## What the task asks
Repeat exactly the lines beginning at the one that contains "На Арбате открылась" and running to the end of the material. Omit the pictures.
:: Given information
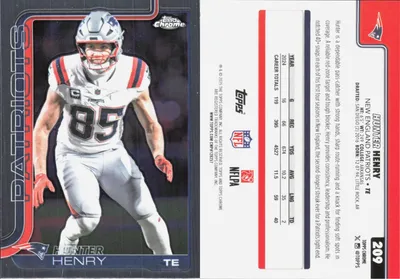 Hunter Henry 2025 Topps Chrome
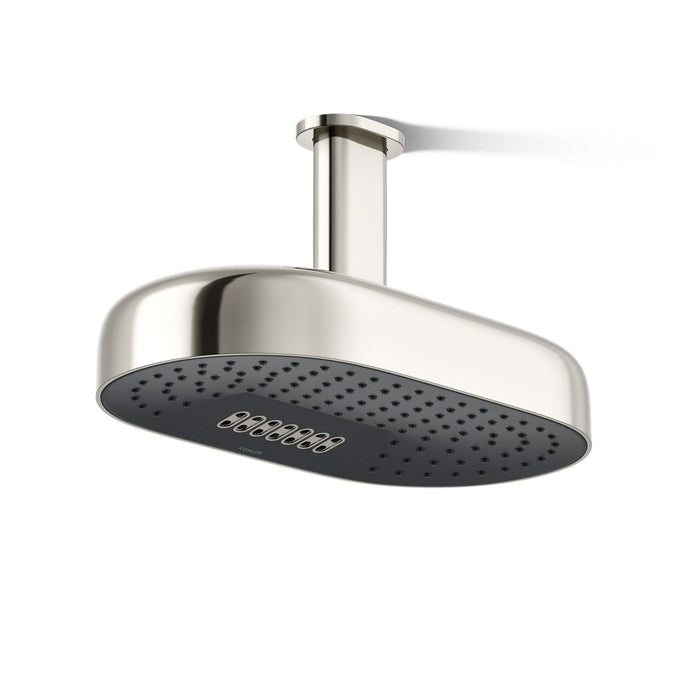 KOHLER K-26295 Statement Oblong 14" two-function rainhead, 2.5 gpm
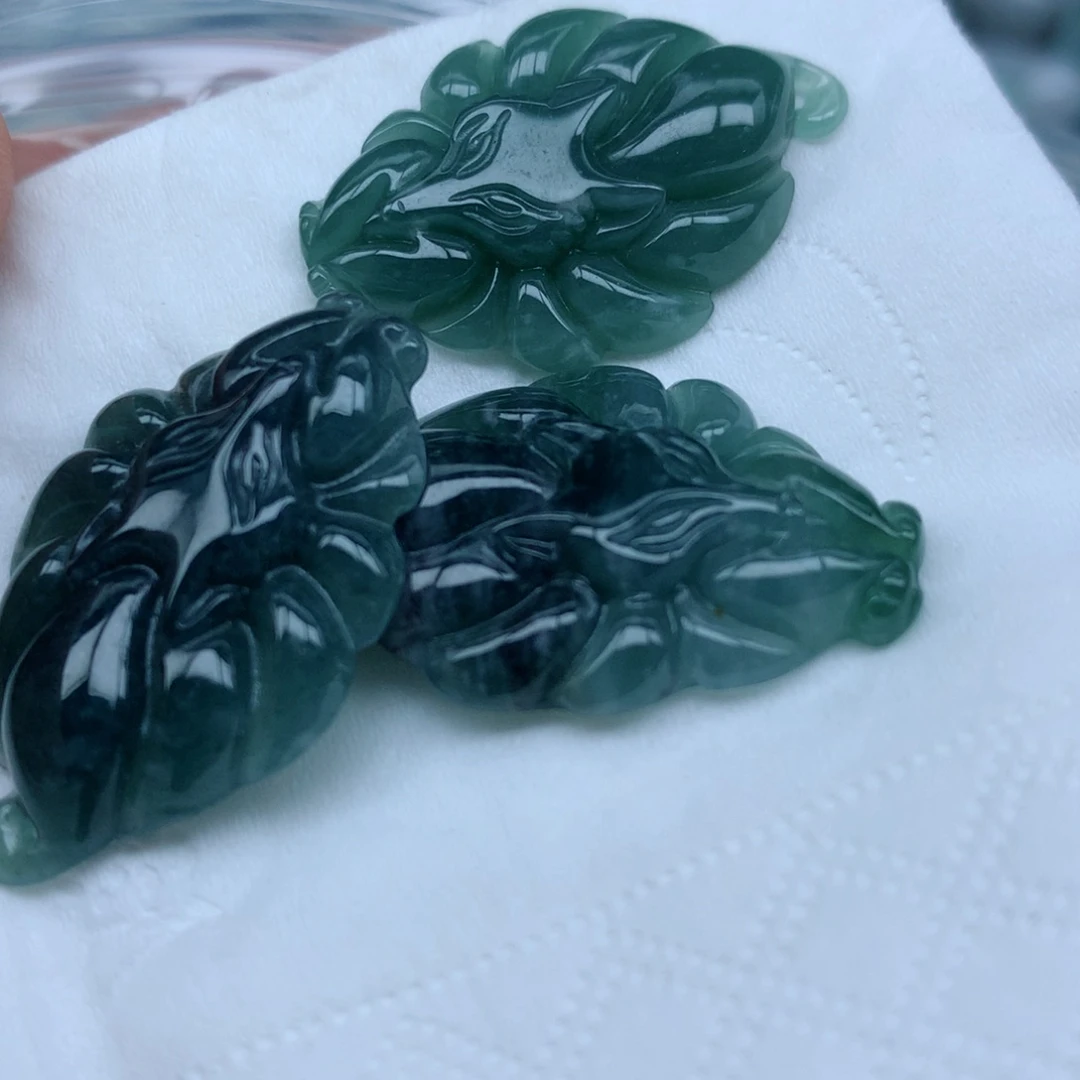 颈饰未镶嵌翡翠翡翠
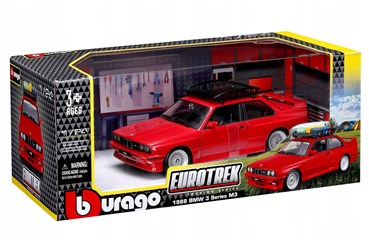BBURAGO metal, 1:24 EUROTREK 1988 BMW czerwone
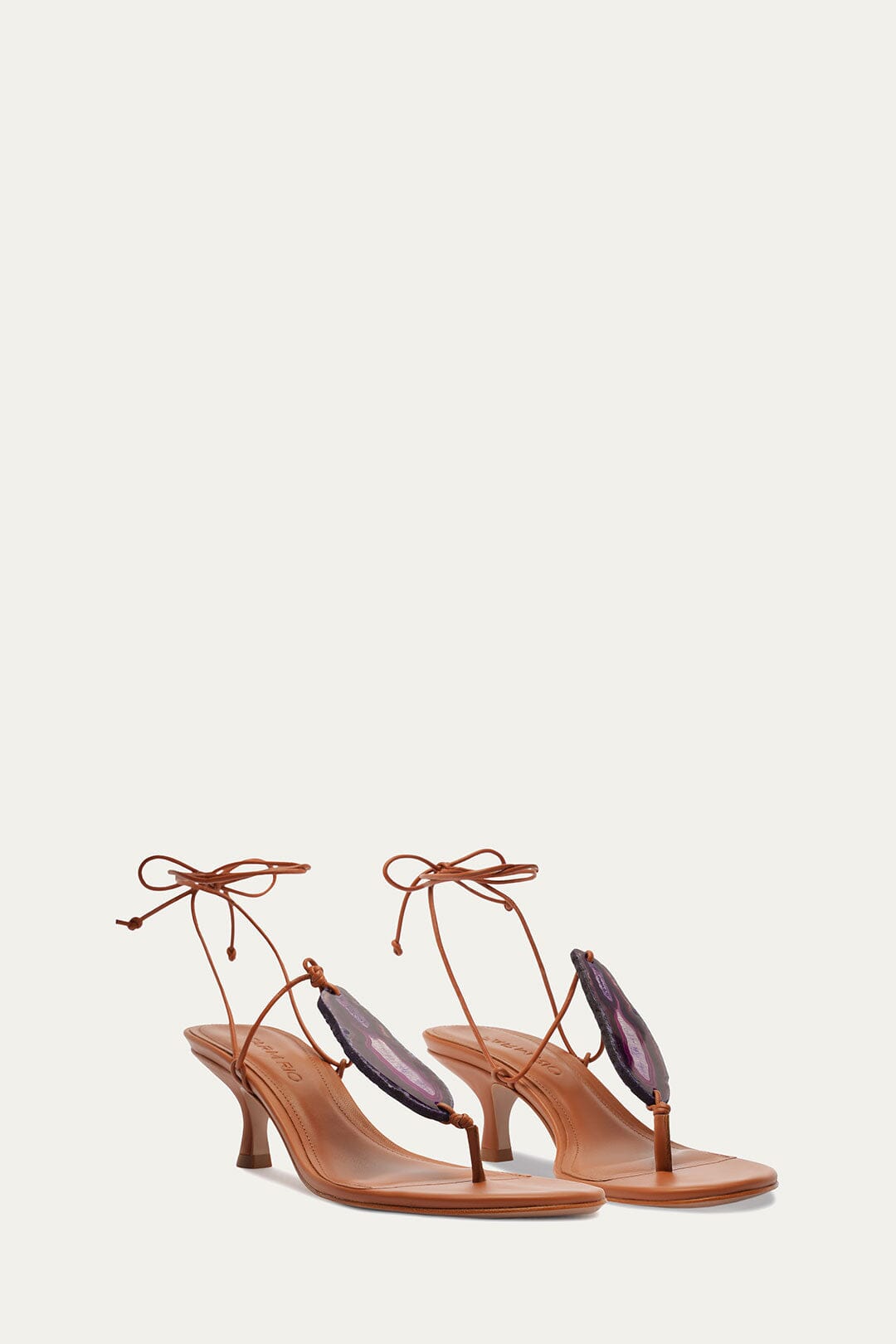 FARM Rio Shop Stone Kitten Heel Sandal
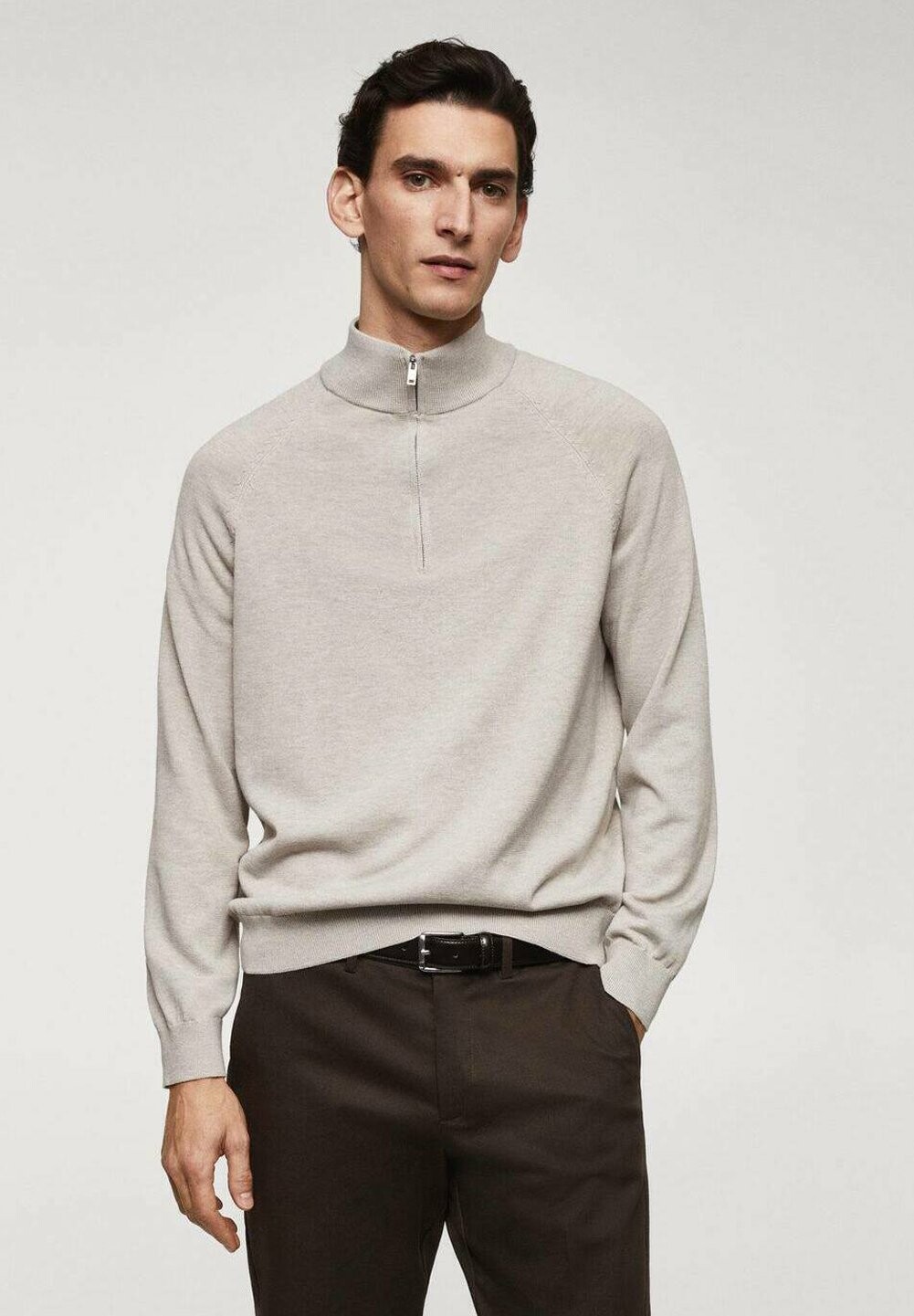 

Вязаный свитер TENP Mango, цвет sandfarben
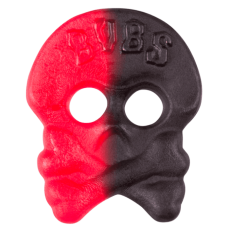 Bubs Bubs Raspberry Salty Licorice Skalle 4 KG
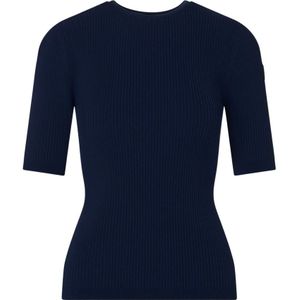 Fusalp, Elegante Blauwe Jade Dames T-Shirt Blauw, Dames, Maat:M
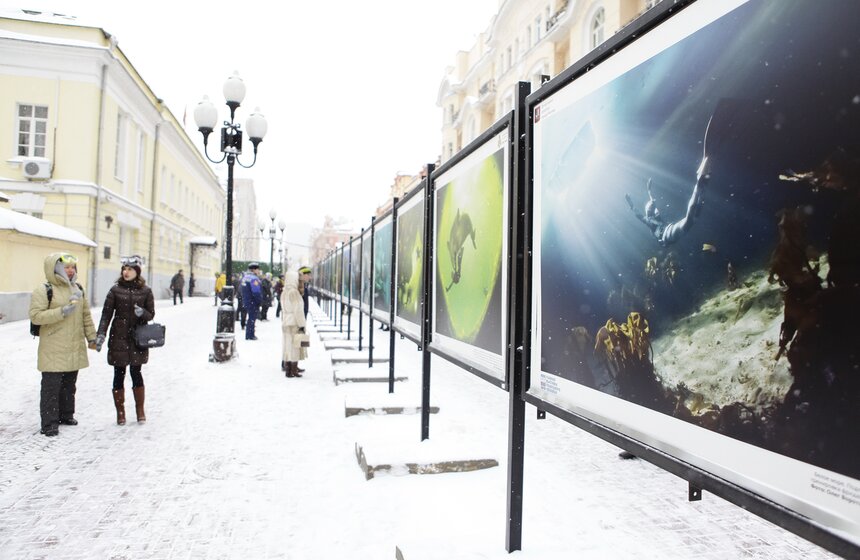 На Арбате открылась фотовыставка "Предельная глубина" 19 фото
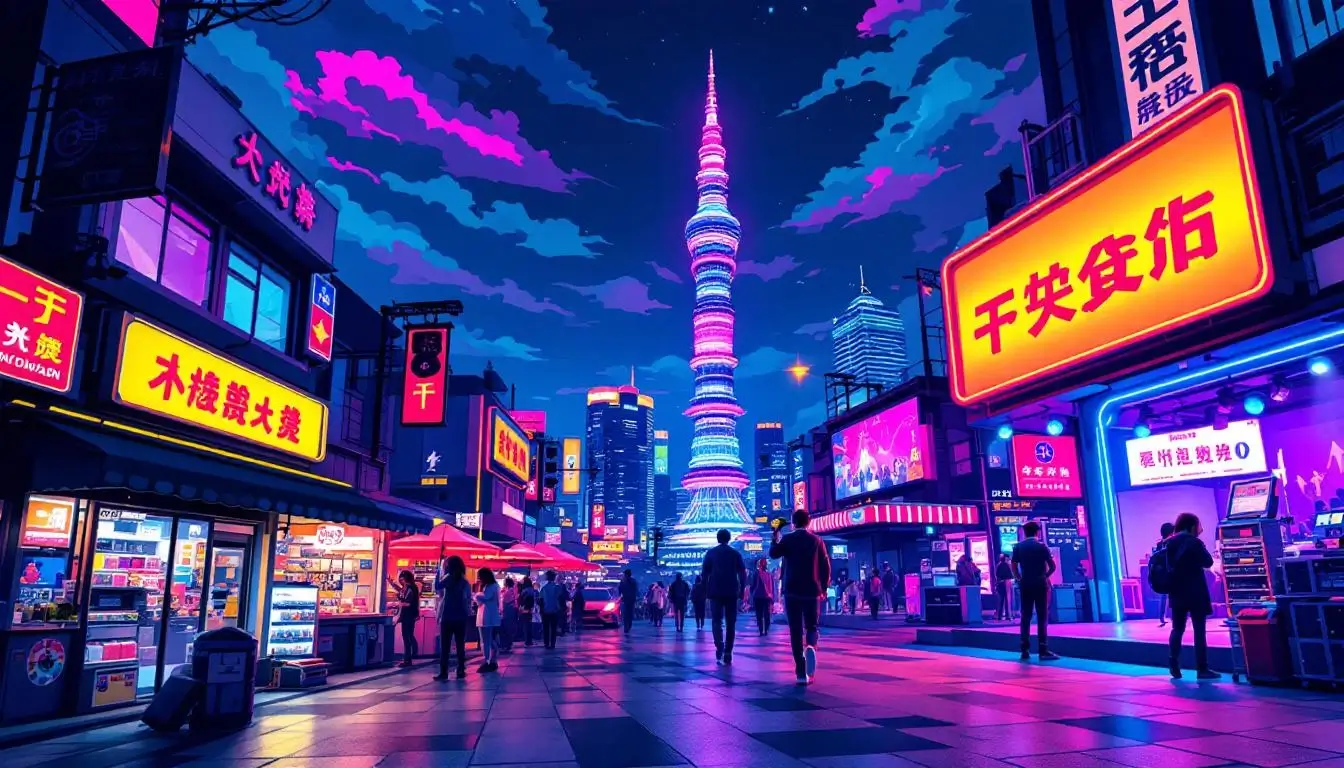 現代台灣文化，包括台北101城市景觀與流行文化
::::
## Answer box
 На Арбате открылась фотовыставка "Предельная глубина" 19 фото
 現代台灣文化，包括台北101城市景觀與流行文化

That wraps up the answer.